Las expresiones de racismo contra los patrones o contra sus mucamas, siempre en clave de vituperio, resultaron tan estériles como la gratuidad impune de acusar, y al final absolver sin pruebas. Como demostración de que hay democracia, proliferaron sondeos sobre el sonadísimo caso. Aunque a la postre el esperpéntico procurador mexiquense impusiera, con su cara más dura, la versión científica de que la desafortunada criatura se deslizó bajo el colchón de su propia cama, se asfixió solita y quedó en tal acomodo que tomó más de una semana dar con el cadáver, mientras encima iban y venían policías y cámaras de video buscándola precisamente a ella. Sobre Paulette difunta se habría sentado la madre para conceder holgadas entrevistas que vieron millones.
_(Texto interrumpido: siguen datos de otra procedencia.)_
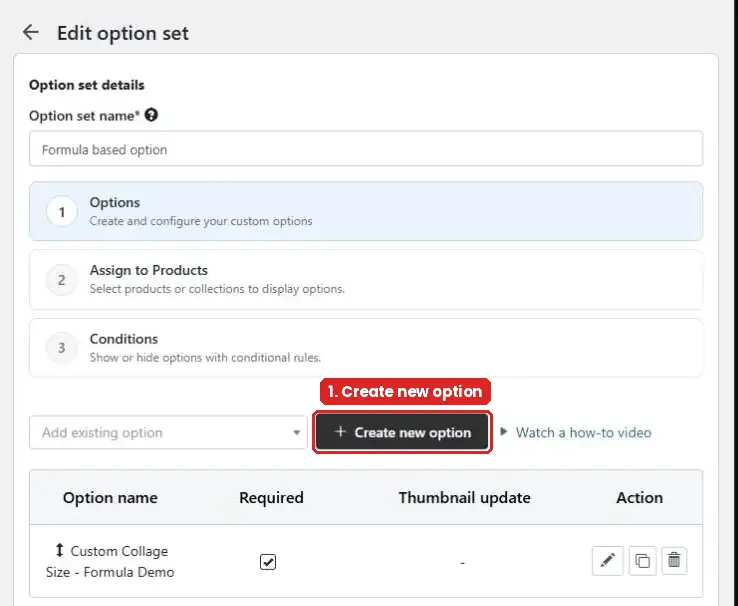 Create new option button inside an option set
El episodio no pasa de una mala lectura de “la carta robada” de Edgar Allan Poe, pero da idea de cuánto hemos progresado como sociedad mediática, obligados a poner la imaginación al servicio de estas escabrosas cuestiones. Los primeros decapitados nos cogieron por sorpresa, no lo podíamos creer. Ahora sólo llevamos la cuenta, ya aprendimos a figurarnos esa violencia, o la del “pozolero”.
Hace un par de décadas, fotógrafos e instaladores de vanguardia, tal vez admirados de la obra del estadunidense Joel-Peter Witkin, exploraron las morgues y se animaron a montajes tenebrosos e inquietantes con pedazos de persona, o bien los fiambres “intervenidos”, o cabezas sin cuerpo en un plato de sopa. En 1990 parecían necrofilia, mal gusto, ganas de epatar a los críticos. Hoy entendemos que fueron precursores de una nueva sensibildad colectiva.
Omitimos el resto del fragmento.